3 DAG

3.1 Preliminaries

Before diving into the coin examples, Figure fig-confounder-dag illustrates the simplest and most important DAG pattern in applied work: a confounder $X$ that causes both the treatment $D$ and the outcome $Y$.

Code

library(ggdag)

Warning: package 'ggdag' was built under R version 4.4.3


Attaching package: 'ggdag'

The following object is masked from 'package:stats':

    filter

Code

library(ggplot2)

Warning: package 'ggplot2' was built under R version 4.4.3

Code

theme_set(theme_dag())

dag <- dagify(Y ~ D + X,
              D ~ X,
              exposure = "D",
              outcome = "Y")
ggdag(dag) +
  theme_dag()

3.1.1 Three variables relationship

Magic coins toy example

The question of interest is the effect of C1 on C2.

3.1.1.1 Chain coins

Consider the following conditional table

Consider the following - Marginal probability: \[ P(C_2 = 1 ) = P(C_2 = 1|X=S)*P(X=S)+P(C_2 = 1|X=R)*P(X=R) = 0.6\] Probability conditional on X: \[ P(C_2 = 1|X) = \begin{cases}0.8 & \text { if } X = S \\ 0.4& \text { if } X = R\end{cases} \]
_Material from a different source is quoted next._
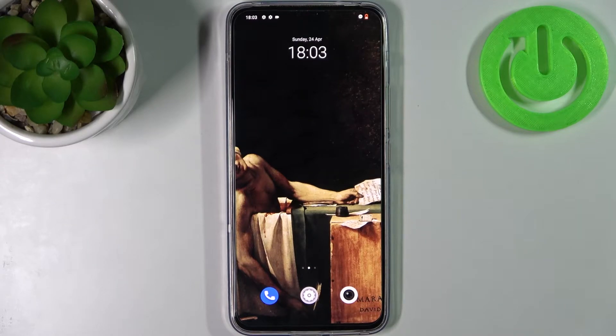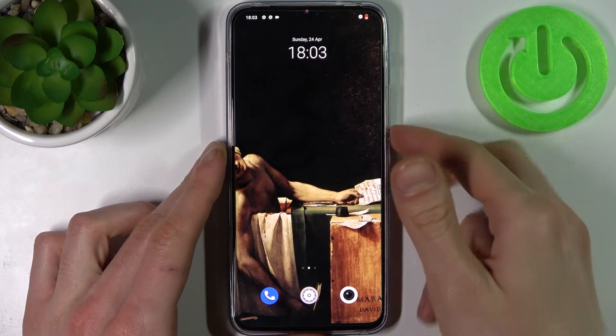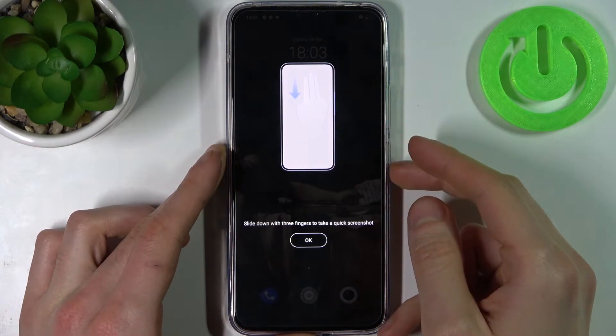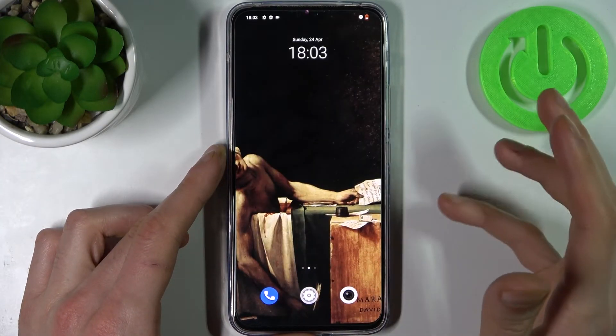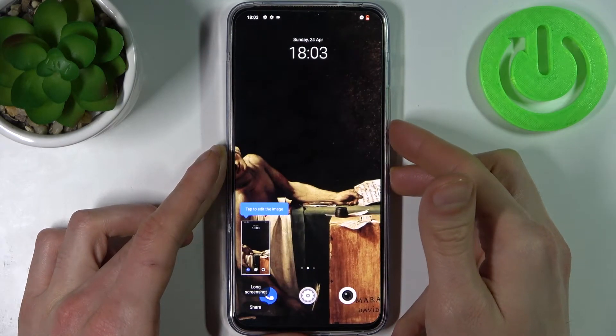Here I have Vivo V23 and today I'm going to show you how to take a screenshot on this device. To do this, all you need to do is hold down the power key plus volume down — and that's how you take a screenshot. Let me show you once again: power key, volume down, and that's how you take a screenshot.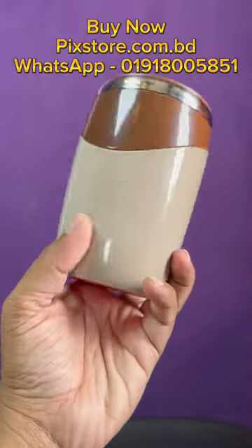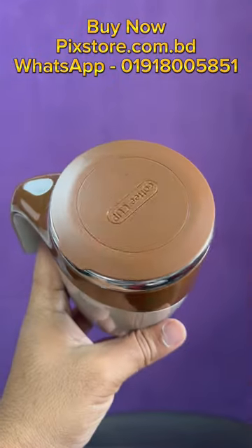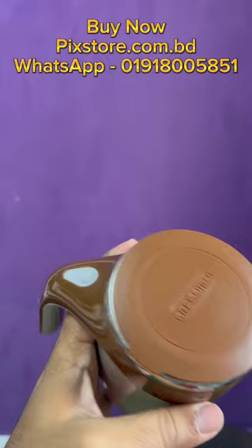This is a coffee cup. This coffee cup is very warm to our coffee. When we put a power on coffee, we put a power on the button.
Probability conditional on X and C1: \[ P(C_2 = 1|X,C_1) = \begin{cases}0.8 & \text { if } X = S, C_1 = 1\\ 0 & \text { if } X = R, C_1 = 1 \\ 0.4& \text { if } X = R,C_1 = 0 \\ 0 & \text { if } X = S, C_1 = 0\end{cases} \]

Then we can conclude that $P(C_2 |X,C_1) = P(C_2 =|X)$. That is, $C_2$ and $C_1$ are conditionally independent given $X$ ($C_1 {\perp\kern-5pt\perp} C_2 | X$).

3.1.1.2 Confounder coins

Consider the following conditional table

Consider the following - Marginal probability: \[ P(C_2 = 1 ) = P(C_2 = 1|X=S)*P(X=S)+P(C_2 = 1|X=R)*P(X=R) = 0.6\]

Probability conditional on X: \[ P(C_2 = 1|X) = \begin{cases}0.8 & \text { if } X = S \\ 0.4& \text { if } X = R\end{cases} \]

Probability conditional on X and C1: \[ P(C_2 = 1|X,C_1) = \begin{cases}0.8 & \text { if } X = S, C_1 = 1\\ 0.8 & \text { if } X = S, C_1 = 0\\ 0.4 & \text { if } X = R, C_1 = 1 \\ 0.4& \text { if } X = R,C_1 = 0 \end{cases} \]

Again, we can conclude that $P(C_2 |X,C_1) = P(C_2|X)$. That is, $C_2$ and $C_1$ are conditionally independent given $X$ ($C_1 {\perp\kern-5pt\perp} C_2 | X$).

You might think that since C1 and C2 are only caused by X, we can have $C_1 {\perp\kern-5pt\perp} C_2$ without conditional Hence, let’s check Probability conditional on C1:

\[ P(C_2 = 1|C_1) = \begin{cases}0.55 & \text { if } C_1 = 1 \\ 0.63& \text { if } C_1 = 0\end{cases}, \] which is different from $P(C_2 = 1)$. Hence we don’t have unconditional independence.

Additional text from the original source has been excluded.